The Kanga Cup places a big emphasis on getting international teams to participate in the tournament and for Gungahlin United, it gives families within the club a unique opportunity to provide home-stay accommodation for the under 18’s Dongbu High School team from South Korea.
This allows families to really get the Korean girls immersed in the Australian way of living and in return, they get to learn the ways of a completely different culture.
Gungahlin United’s Leanne Shea Langdown put her hand up this year and has had Semin and Haram from the South Korean school stay with her family.
Leanne is doing billeting for the very first time alongside her husband and children and though there have been small barriers, they found a way to communicate with each other.
“I did it this year because I felt like I could personally relate to them, I have a 19-year-old daughter and a 15-year-old son, so they fall nicely into the ages of my children,” Ms Shea Langdown said.
“It’s been incredible, it has been really worthwhile and the rest of the family were a bit nervous, they were just very excited to have them.
“Neither of them speaks English, so I’m able to use Google Translate to type notes for them each morning about how the day is going to progress and print it out in Korean. They’re really enjoying themselves. With anything it takes a while to settle in, but we have made them feel a part of the family.”
Getting a glimpse of each other’s cultures proved an eye-opening experience for the Shea Langdown family and the Korean girls.
This included the girls bringing boxes of Korean Red Ginseng Extract, an acquired taste, Ms Shea Langdown admits.
“They laughed at me when I tasted it for the first time because it was quite an odd taste,” she said. “But now I have been drinking it every morning just to show I appreciate that this is a part of their culture.

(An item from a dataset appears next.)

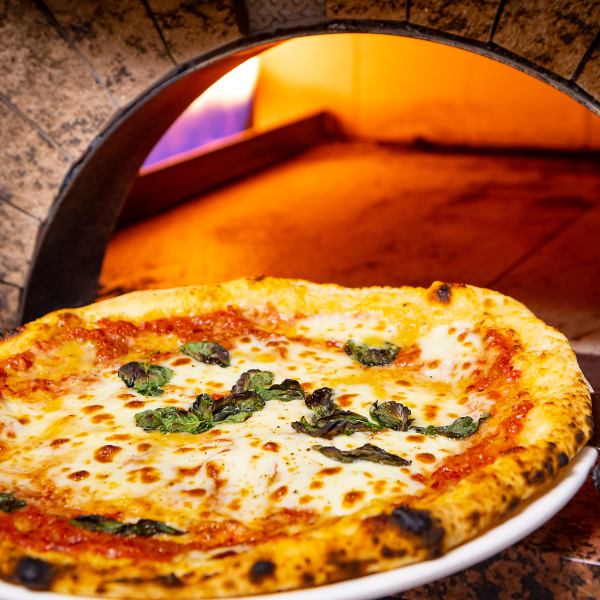 非常受歡迎的瑪格麗特披薩是用石爐烤製的！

“We took them to the supermarket on the first day. You should have seen the look on their faces when they saw the steak, they were in shock, they didn’t understand. Then I understood that they would normally eat it chopped up.
“I made Parmigiana and the interesting thing there was seeing them try to use a knife and fork. It was a cultural experience and one that we laughed at between us, they enjoyed that interaction.”
The importance of showing support and inclusion was valuable for the family to project, especially considering the girls were so far away from home and out of their comfort zone.
“It’s extremely important, they are away from home, they are away from their language, their culture and most importantly they are away from their parents,” she said.
“Personally as a mother and my husband as a father, we are making sure that they feel very nurtured, safe, welcomed and that they can talk to us about anything. I was able to do that through the words I used and through my touch.
“It is extremely important for any family to make them feel that it is a safe haven and that they can talk to you as they would a parent or trusted grown up.”
Due to holiday commitments, the girls will move into another billeting home for the remainder of the tournament, but they wrote a thank you letter in English, which detailed their feelings about the family taking them in.
“They actually hand wrote the most beautiful note to me in English, which would have taken a very long time to copy from google translate, but it was handwritten beautifully,” she said.
“Saying that this is something that they will remember forever, that they felt like family, felt like they were at home and hope that they meet the four us again.”